Sotto questo aspetto, lo studio condotto da David Hockney in merito alle tecniche ottiche, usate in ambito pittorico dagli antichi maestri, (Secret Knowledge. Discovering the lost techniques of the Old Masters), fin dalle sue prime battute, chiede di porre attenzione al termine eyballing: guardare spalancando gli occhi, cosa tutt’altro che scontata; scrutare, in altre parole, pensando che, nonostante tutto, la “definizione” del dato o l’idea che su di esso si può avere, non sia, pertanto, “risolutiva”. Precisamente, con questo termine Hockeny indica il «modo in cui un artista si siede di fronte a un soggetto e dipinge o disegna un ritratto usando solo la mano e l’occhio e nient’altro, guardando la figura e poi cercando di ri-creare l’aspetto sulla carta o sulla tela. Così facendo, egli “lotta” per trovare la forma che vede davanti a sé».[4] Les Rideaux (I Tendaggi) dipinti da Paul Cézanne tra il 1885 e il 1890 sono un esempio. Sono descritti dal maestro inglese certainly eyeballed, poiché «si può vedere chiaramente come l’immagine sia stata costruita»,[5] e quale rapporto intercorra tra il suo compimento e le restanti porzioni incolore. Le figure sono più che abbozzate, eppure sono lasciate ai toni del supporto. Il disegno di Cézanne incontra un suo corrispettivo estetico nel tentativo da parte di Hockney di condurre a nuova sintesi l’azione del vedere con l’azione del costruire. In sostanza, «sto dicendo che non siamo sicuri di sapere com’è il mondo.

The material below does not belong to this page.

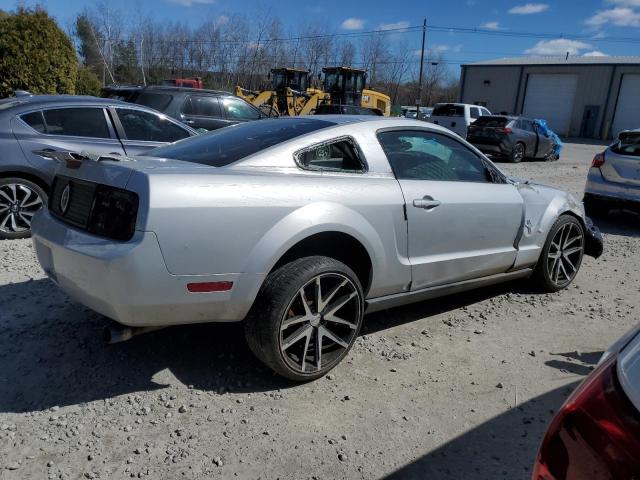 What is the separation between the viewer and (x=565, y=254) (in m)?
4.99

Molti sono convinti di saperlo, ma io no».[6] In quanto a rappresentazione qualcosa si sottrae e, così facendo, si rende presente; mentre l’occhio, dal canto suo, si muove, scorre, oscilla, non vede stando fermo.

 

L’idea del dipinto come finestra sul mondo ti spinge a chiederti: «Ma dove sono? Sono in una stanza e guardo attraverso questa finestra. Non sono fuori, nel mondo». Nella teoria della prospettiva di Alberti siamo ridotti a un punto matematico. Nessuna persona reale – letteralmente: nessun corpo – ha mai visto il mondo in questo modo, se non sei morto, l’occhio è sempre in movimento. La direzione che segue il mio occhio condiziona la prospettiva, che perciò cambia continuamente. La prospettiva riguarda noi, non l’oggetto descritto.[7]

 

In fin dei conti, dipingere muovendosi tra le maglie, le specificità e limiti della pittura è un lavoro impervio. «È la violazione di una terra proibita»,[8] scriveva Mark Rothko, dalla quale soltanto pochi faranno ritorno. Un viaggio che, di là da ogni tema o referenza diretta, vive di una sua ulteriore messa in scena. Quel tentativo narrato dal pittore Luca Bertolo in riferimento a sue opere quali Saturno che divora suo figlio – copia da Goya (2017), Il paesaggio di Sabrina (Marzabotto) (2015), oppure Untitled 15#06 (2015), in cui si vede la volontà di «mettere in scena l’artificio, quello legato alla specificità del medium». L’artificio che, in questo modo, continuava Bertolo, diventa «un secondo soggetto del quadro e interagisce, su un piano visivo e concettuale, con il soggetto (apparentemente) primario».[9]

[1] J.M. Drot, La bande à Man Ray, en Les heures chaudes de Montparnasse, ORTF – INA, 1961 à 1963 et 1979 à 1990, Doriane Films, 2006,  coffret 1, DVD II.

[2] G.D.Huberman, Davanti all’immagine, Mimesis, Milano, 2016, p.67.

[3] Dal  greco Theōría = osservazione; lo stare osservando.

[4] … the way an artist sits down in front of a sitter and draws or paints a portrait by using his hand and eye alone and nothing else, looking at the figure and then trying to re-create the likeness on the paper or canvas. By doing this, he “gropes” for the form he sees before him ), trad. mia, D. Hockney, Secret Knowledge. Discovering the lost techniques of the Old Masters, Thames&Hudson, London, 2014, p. 23.

[5] «…you can plainly see how the image was constructed», trad. mia, Ibi., p. 33.

[6] M. Gayford, A bigger message. Conversazioni con David Hockney, Einaudi, Torino, 2011, p. 11.

[7] D. Hockney, M. Gayford, Una storia delle immagini, Einaudi, Torino, 2016, pp. 102-103.

[8] M. Rothko, Scritti sull’arte. 1934-1969, trad. it di R. Venturi, Donzelli, Roma, 2007, p.153.

[9] Come davanti a un mazzo di fiori, Luca Bertolo in conversazione con Antonio Grulli, in Luca Bertolo 2012-2017, Mousse Publishing, 2017, p. 19.